Turns out, even men of science are susceptible to the weaknesses of psychological baggage.
***
Not everyone has a history of trauma, but all of us have deep etchings in our brains from being raised a certain way or doing things the same way over and over again, which determine our responses to stress and changed circumstances—responses some might call quirky, and others might call pathological.
For me and my sister, who grew up being told it was highly likely our fellow citizens could turn against us at any time, and we’d have to hide in our attic until the roundups passed, it’s hard right now not to want to take all the toilet paper we can find and horde it in our pantries.
Others, with different emotional baggage, will respond differently.
Perhaps their inability to face their mortality means that, despite phase three restrictions, they’ve organised a 30-person bike ride and lunch with their ‘older men wear lycra’ riding group at my neighbourhood park. Or their deep need for control has led to them to undertake random drive-bys at local childcare centres yelling out the window to the parents dropping their kids off that they ‘have blood on their hands!’ (you know, for example).
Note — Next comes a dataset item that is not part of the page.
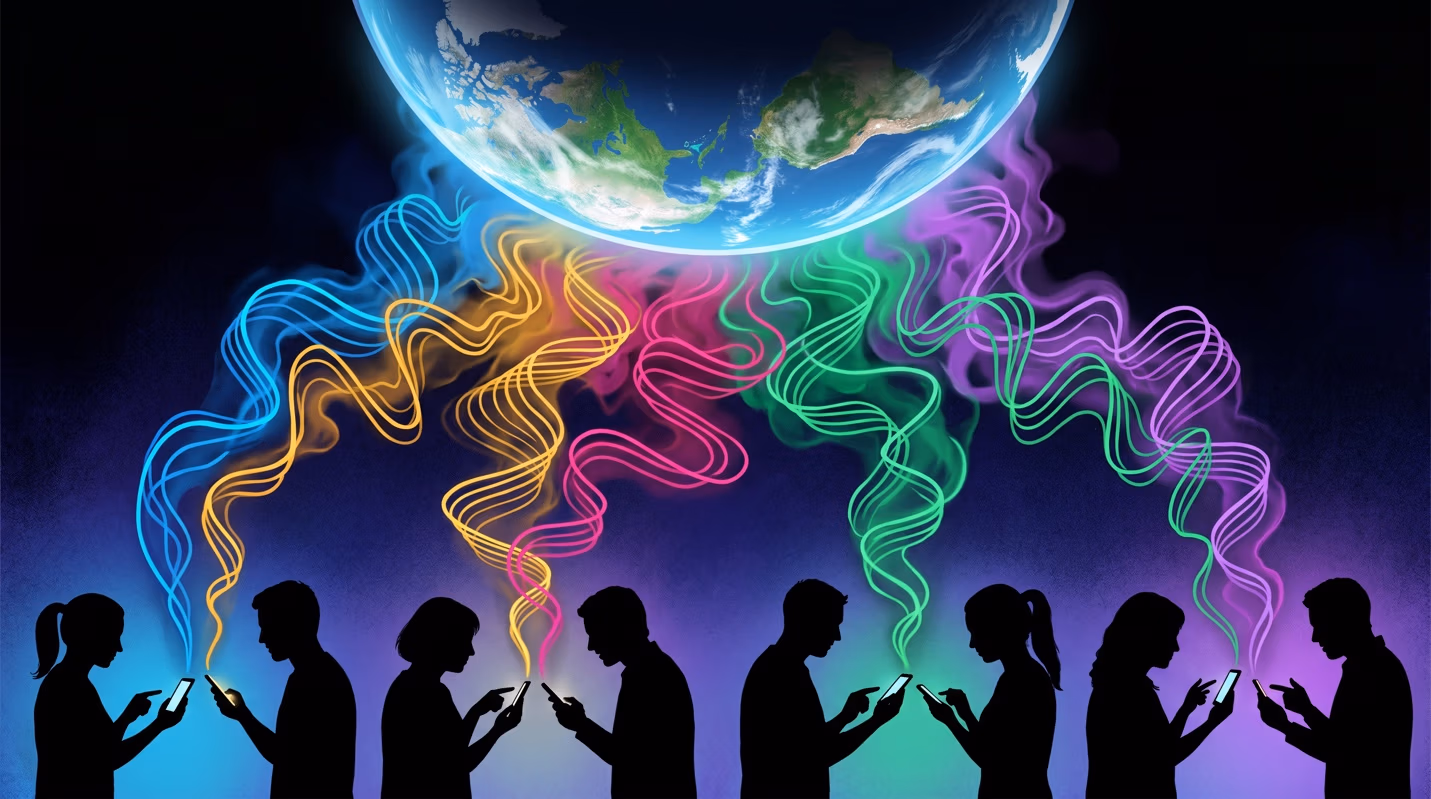 Dark illustration of a row of silhouetted people looking down at glowing smartphones, with colorful swirling light trails connecting their phones upward to an image of planet Earth above them.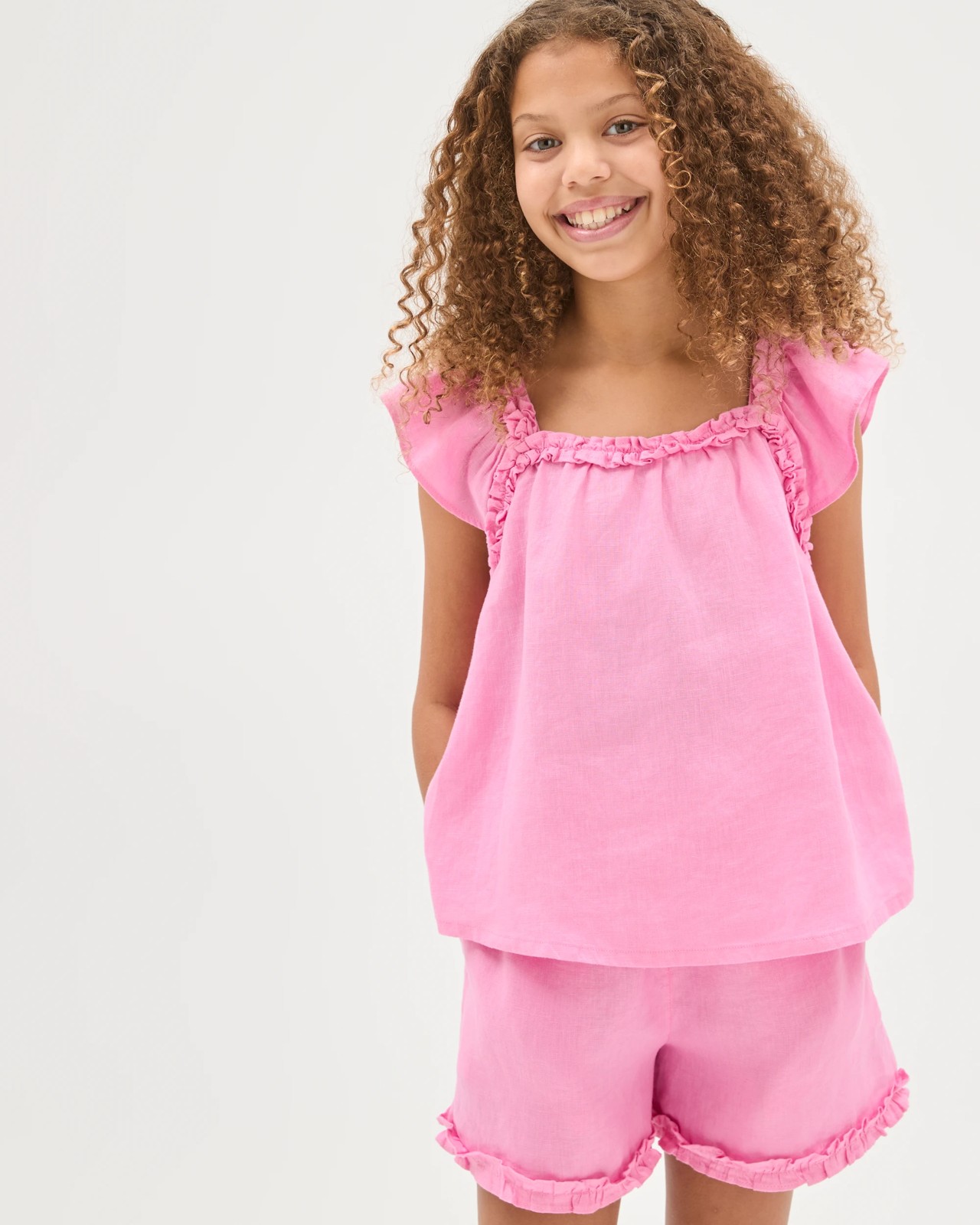 European Linen Flutter Sleeve Tank Top - Pink 3 of 6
These glitches in human response exist in all of us and, during this time, all of them are exacerbated.
But there are signs that this crisis may bring out the best in us illogical humans, too.
Hospital staff are working night after night to keep patients alive despite the risk to their own lives. People are playing beautiful music on their balconies to entertain their neighbours just for the sake of it. Scientists are ignoring intellectual property laws to share research to try to find a vaccine in the shortest time possible.
And I can’t help but smile at the daily text messages from Buba to tell me how much she is looking forward to hugging me, even if it’s followed with the melodramatic disclaimer, ‘if I ever get to see you again’.
So hopefully, in the end, the good of human behaviour will outweigh the bad.
And, for my family’s sake, as the reality of the virus sinks in, hopefully Buba’s common sense will begin to outweigh her irrational anxiety.
But I’m not holding my breath.
Last night, Dad called Buba to tell her that Mum had a high fever and a bad cough—the most common coronavirus symptoms. She’d gone into a clinic for a test, but they’d have to wait 48 hours to get the result. Mum was currently in coronavirus self-isolation in their apartment, bracing for the worst.
When she heard this news, Buba gasped, and then, forgetting to release the breath, shouted down the phone, ‘But I just made her three containers of matzo ball soup! Who’s going to pick them up?’.